In his penultimate play, Shakespeare, ever searching for something new, deals with a profound theme which continues to be vexatious down to this day: in his creation of Caliban, he concretely states for us a central issue of the present age. But the mood of The Tempest is one of farewell:
Our revels are now ended. These our actors,
As I foretold you, were all spirits, and
Are melted into air, into thin air:
And like the baseless fabric of this vision,
The cloud-capped towers, the gorgeous palaces,
The solemn temples, the great globe itself,
Yea, all which it inherit, shall dissolve,
And, like this insubstantial pageant faded,
Leave not a rack behind.
And finally, in his last play, Shakespeare returns to his chronicle of the English story, which he began with Henry VI and Richard III, and completes the cycle with Henry VIII and the birth of Elizabeth. The concluding speech by the Archbishop of Canterbury opening with the incantation:
This royal infant – Heaven still move about her –
Though in her cradle, yet now promises
Upon this land a thousand thousand blessings,
is a form of prophesy of what the Elizabethan age was to be. It gave Shakespeare the splendid opportunity to pay his tribute to the Queen, he had not eulogized at her death in 1603, and to sum up the Elizabethan age now only an imprint on time. As A. L. Rowse concludes his biography of Shakespeare:
And this too was Shakespeare’s end. But like a splendid coiled snake, glittering and richly iridescent – emblem alike of wisdom and immortality – his work lay about him rounded and complete.

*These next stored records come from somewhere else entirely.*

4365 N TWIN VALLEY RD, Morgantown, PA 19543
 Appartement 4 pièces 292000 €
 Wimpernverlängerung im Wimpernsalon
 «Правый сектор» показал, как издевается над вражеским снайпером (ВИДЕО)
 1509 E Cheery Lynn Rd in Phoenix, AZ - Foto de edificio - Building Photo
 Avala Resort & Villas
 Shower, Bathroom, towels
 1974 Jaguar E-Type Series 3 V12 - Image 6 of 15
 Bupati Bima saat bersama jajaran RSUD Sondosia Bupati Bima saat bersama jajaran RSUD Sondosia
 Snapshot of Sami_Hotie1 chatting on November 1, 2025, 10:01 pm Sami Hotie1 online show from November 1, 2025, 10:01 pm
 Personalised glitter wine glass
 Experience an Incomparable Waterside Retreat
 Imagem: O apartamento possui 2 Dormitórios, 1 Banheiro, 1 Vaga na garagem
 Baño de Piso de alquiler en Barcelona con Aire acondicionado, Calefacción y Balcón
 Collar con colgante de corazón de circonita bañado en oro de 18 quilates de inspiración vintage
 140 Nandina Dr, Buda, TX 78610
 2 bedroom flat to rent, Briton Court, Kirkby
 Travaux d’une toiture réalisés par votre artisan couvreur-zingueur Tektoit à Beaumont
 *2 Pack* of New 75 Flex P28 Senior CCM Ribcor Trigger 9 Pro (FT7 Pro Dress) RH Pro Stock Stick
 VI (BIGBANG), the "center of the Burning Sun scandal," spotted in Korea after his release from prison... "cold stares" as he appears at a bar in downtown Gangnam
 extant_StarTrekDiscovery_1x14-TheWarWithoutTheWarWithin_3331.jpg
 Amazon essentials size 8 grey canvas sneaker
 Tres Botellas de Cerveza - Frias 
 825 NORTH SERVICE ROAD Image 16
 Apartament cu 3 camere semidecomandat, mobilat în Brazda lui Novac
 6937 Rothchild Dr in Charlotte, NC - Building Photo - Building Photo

Ben Jonson’s tribute, included with the first folio, has been prophetic:
He was not of an age, but of all time!
Let me conclude by quoting two contemporary writers.
Virginia Woolf, after a vain effort imagining how Shakespeare “coined his words,” writes in her diary:
Indeed, I could say that Shakespeare surpasses literature altogether, if I knew what it meant.
And T. S. Eliot sums up Shakespeare as follows:
The standard set by Shakespeare is that of continuous development from first to last, a development in which the choice both of theme and of dramatic and verse technique in each play seems to be determined increasingly by Shakespeare’s state of feeling by the particular stage of his emotional maturity at the time… We may say confidently that the full meaning of any one of his plays is not in itself alone, but in that play in the order in which it was written, in its relation to all of Shakespeare’s other plays, earlier and later: we must know all of Shakespeare’s work in order to know any of it. No other dramatist of the time approaches anywhere near to this perfection of pattern … It seems to me to correspond to some law of nature that the work of a man like Shakespeare, whose development in the course of his career was so amazing, that it should reach, as in Hamlet, the point at which it can touch the imagination and feeling of the maximum number of people to the greatest possible depth and that, thereafter, like a comet which has approached the earth and then continued away on its course, he should gradually recede from view until he tends to disappear into his private mystery.